The great draws of the exhibition are ‘Shooting into the Corner’ and the stunning ‘Svayambh’. The former is more than a melodramatic demonstration of violent action painting. A cannon is fired every 20 minutes and a crowd gathers round expectantly.

As the canister of red wax is thrust into the breech, the clamp closed and the pressure switched on, there is a hush, similar to that which precedes a ritual of great significance. However, a 10-year-old boy waited for it with irreverent glee, wondering why this gaggle of grown ups, mobile cameras and videos at the ready, wanted to preserve the moment: After all, it’s what he and his mates do at their paint-ball games, fire each other with globs of paint! But even he was awed when, with a loud explosion, the 20 pound ball of wax hurled itself into the far corner at 50mph, spattering the walls and decorative stucco ceiling of the hallowed Royal Academy.

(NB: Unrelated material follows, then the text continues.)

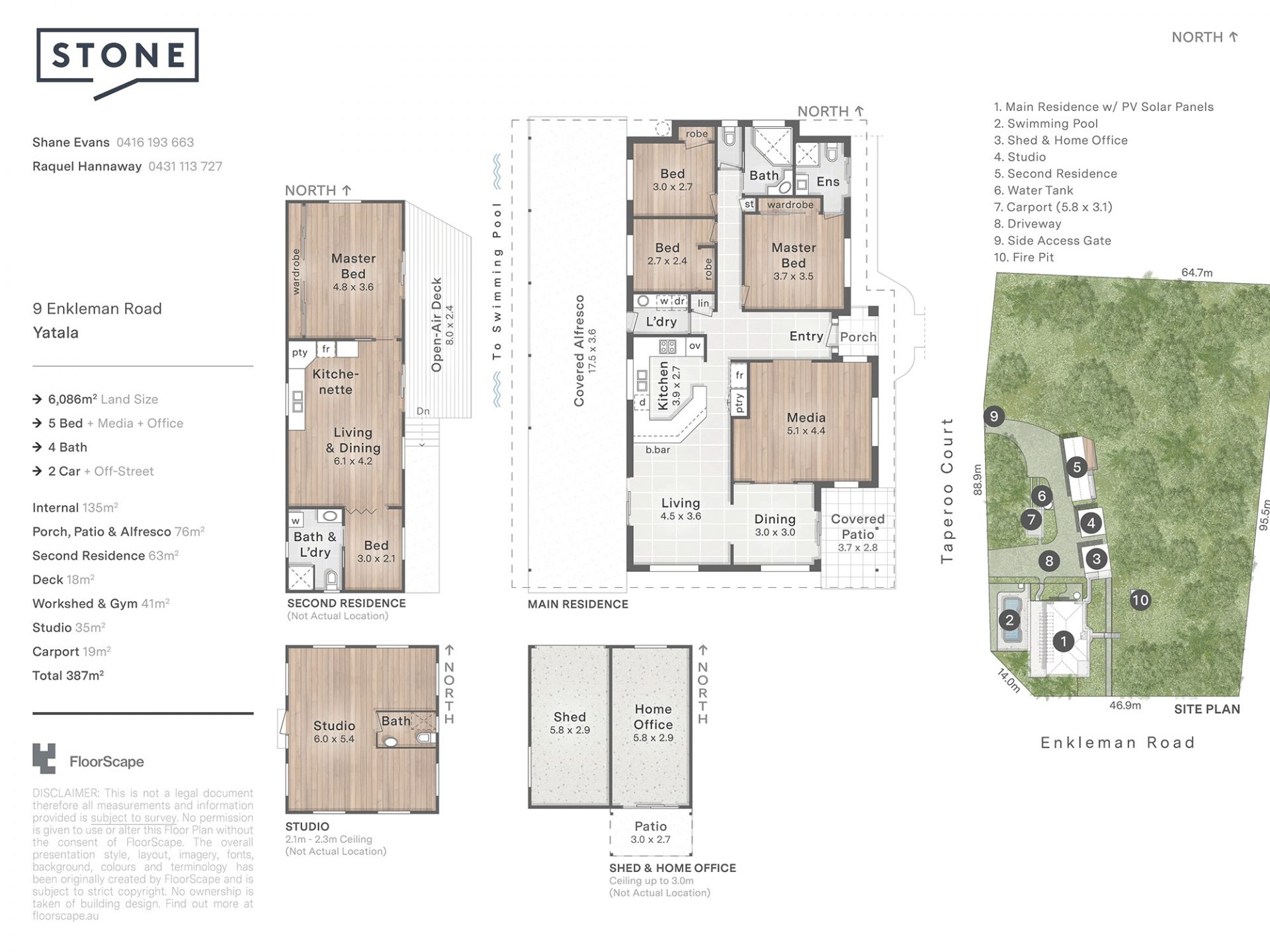 Land, Lifestyle & Limitless Potential on 6,068sqm...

‘Svyambh’ is 30 tonnes of red wax in a 10 meter long block that inches along rails through five galleries. ‘Self generation’ is that feeling of coming into being, as it emerges through the doorway, taking the shape of its birth exit, with gouts of wax adhering to its surface like foetal matter. Having reached the end of the track, it reverses and goes back, repeating the process all day. Viewers are hypnotised by this imperceptible progress, waiting almost half an hour for it to emerge fully into a room.

Its relentless journey resonates with the Hindu creation myths: Brahma, God of sva, drawing creation into himself, its dissolution and regeneration, repeated in cycles. Though ‘Svayambh’ and the cannon firing have nothing in common but their material — the same coloured and textured wax — I could not help linking the two: As if the gooey masses slumped in the corner had somehow gathered themselves, coalescing into that huge slab that then glided, advancing and retreating inexorably.

One is also made intensely aware of the material’s historical association with sculpture: The wax of ciré perdu bronze casting rediscovered and established as a material in its own right.

Kapoor has no “message”, saying that it is up to the viewer to complete the circle he has half drawn. For me, the exhibition reverberated not only with deeper significances, but was also an exhilarating artistic experience.